Cornell University today announced it was terminating its eight-year contract with adidas effective October 1st, becoming the first U.S. university in history to cut a contract with the German company over labor rights issues. Cornell’s decision comes nearly a year and a half after PT Kizone, an adidas supplier factory in Indonesia, shut down unexpectedly in April 2011, leaving 2,800 workers without $1.8 million in legally-owed severance that the apparel giant has refused to pay.
“This gap in the apparel industry’s approach to worker rights is a critical issue that demands immediate attention,” said Cornell President David Skorton in the university’s strongly worded termination letter to adidas. “We believe that severance is a basic worker’s right.”
“This is a major national victory,” said Karen Li, a student leader in Cornell Organization for Labor Action, a USAS affiliate. “After campaigning against adidas for over a year, we are proud that Cornell has finally taken action.
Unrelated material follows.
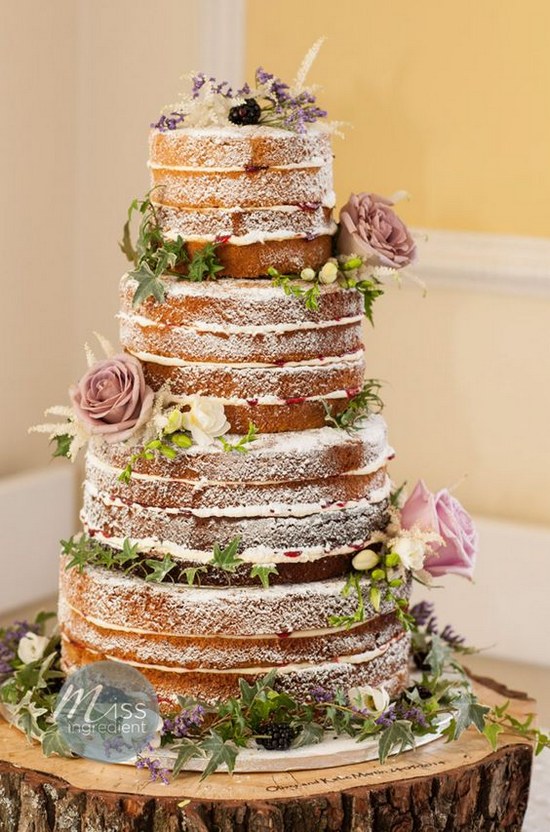 Naked to chocolate rustic wedding cake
We hope that other universities will cut their adidas contracts soon.”
Students at the the University of Wisconsin-Madison have also been campaigning for their university to drop its $11 million sponsorship agreement with adidas since last September, but have met a number of obstacles, including an ongoing lawsuit against adidas led by the Wisconsin Attorney General’s office. “Chancellor Ward has used legal maneuvers and other tactics to stall on this issue for over a year,” said Lingran Kong, a leader in USAS’ chapter in Madison, the Student Labor Action Coalition. “Cornell’s action reaffirms that our contract with adidas must be terminated now.”
In addition to the unresolved violations at PT Kizone, USAS student leaders have received reports from Central American and Caribbean workers about deteriorating conditions at adidas supplier factories, including stories of anti-union threats at several factories owned by Gildan Activewear, which recently became adidas’ largest supplier in the Western Hemisphere. “adidas’ behavior at PT Kizone is part of a much larger pattern of abusing workers rights,” said Karen Li. “Students across the country are ready to take action when new adidas violations come to light.”